* DATA SECTION

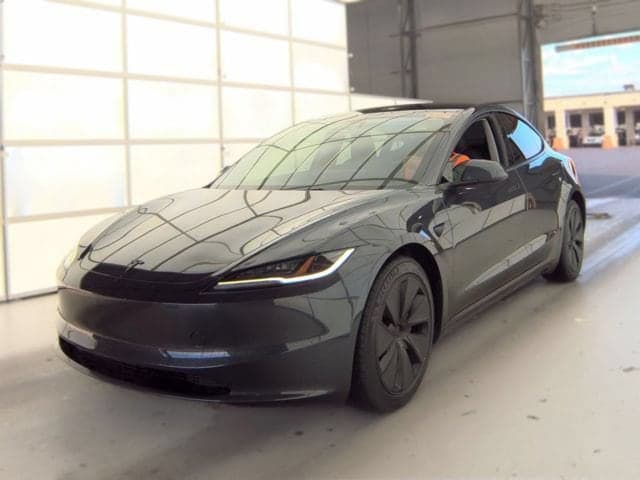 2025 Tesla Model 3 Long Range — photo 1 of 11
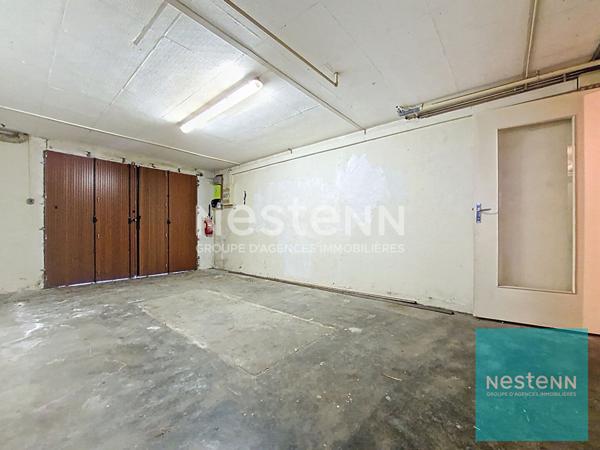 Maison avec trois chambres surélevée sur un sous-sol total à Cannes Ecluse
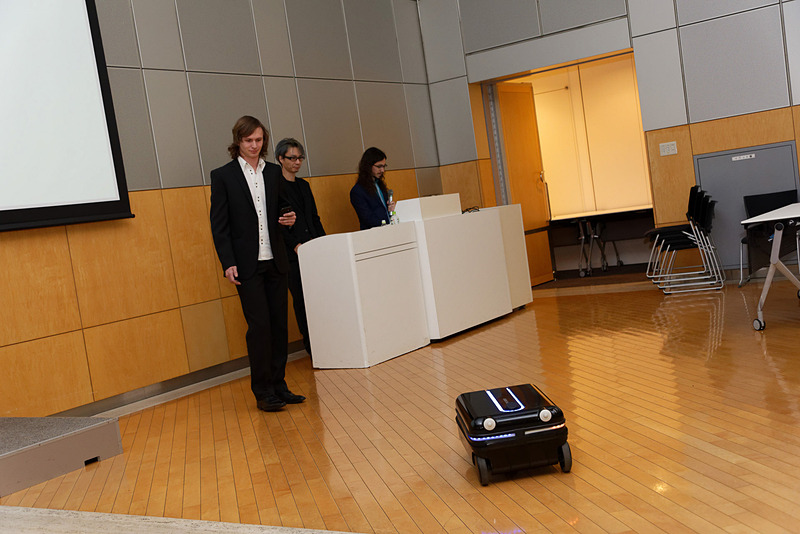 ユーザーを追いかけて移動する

* EXERCISE
Transcribe the whole of the data exactly, minus any pictures.

* TASK OUTPUT
 2025 Tesla Model 3 Long Range — photo 1 of 11
 Maison avec trois chambres surélevée sur un sous-sol total à Cannes Ecluse
 ユーザーを追いかけて移動する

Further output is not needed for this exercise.